*** Provided records ***
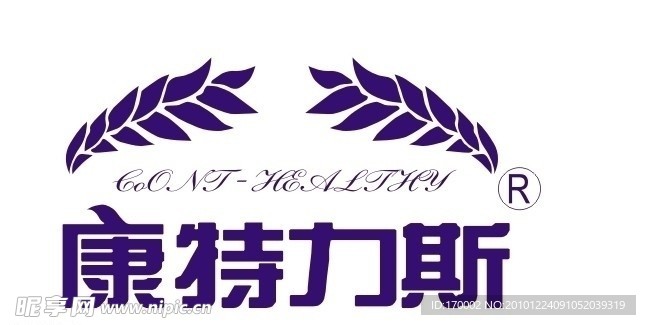 康特力斯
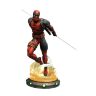 Фігурка Diamond Select Toys Marvel Gallery: Deadpool Figure Фігурка Diamond Select Toys Marvel Gallery: Deadpool Figure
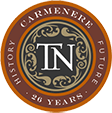 Carmenere<br>Essence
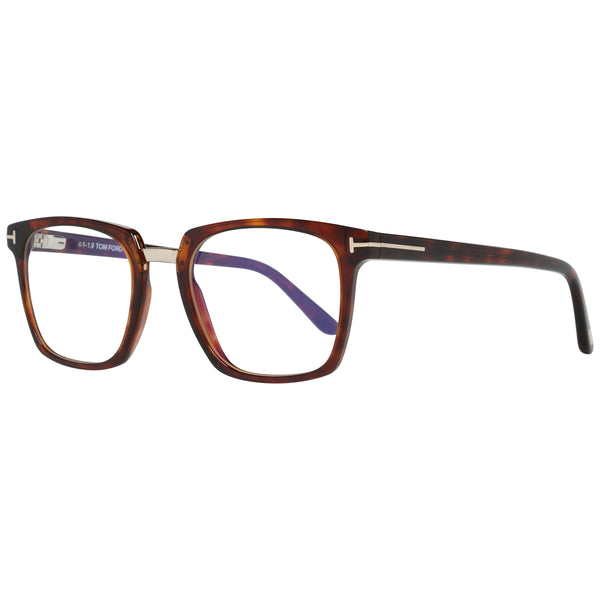 TOM FORD MOD. FT5523-B 50054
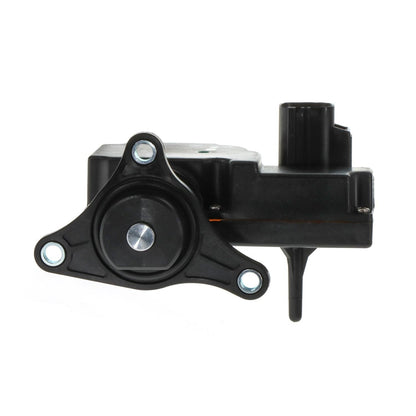 Standard Ignition TCA118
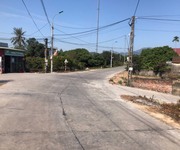 2 Chính chủ cần bán nhanh lô đất tại thôn trại mới-xã bình khê- tx. đông triều - quảng ninh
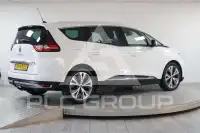 2018 Renault Grand Scenic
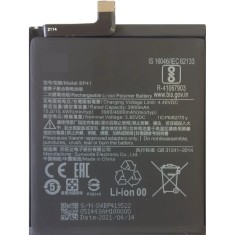 Acumulator Xiaomi Mi 9T BP41 Compatibil foto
*** End of Provided records ***
__Task statement__. Without including any images, output the data exactly as given.

__Finished exercise__.
 康特力斯
 Фігурка Diamond Select Toys Marvel Gallery: Deadpool Figure Фігурка Diamond Select Toys Marvel Gallery: Deadpool Figure
 Carmenere<br>Essence
 TOM FORD MOD. FT5523-B 50054
 Standard Ignition TCA118
 2 Chính chủ cần bán nhanh lô đất tại thôn trại mới-xã bình khê- tx. đông triều - quảng ninh
 2018 Renault Grand Scenic
 Acumulator Xiaomi Mi 9T BP41 Compatibil foto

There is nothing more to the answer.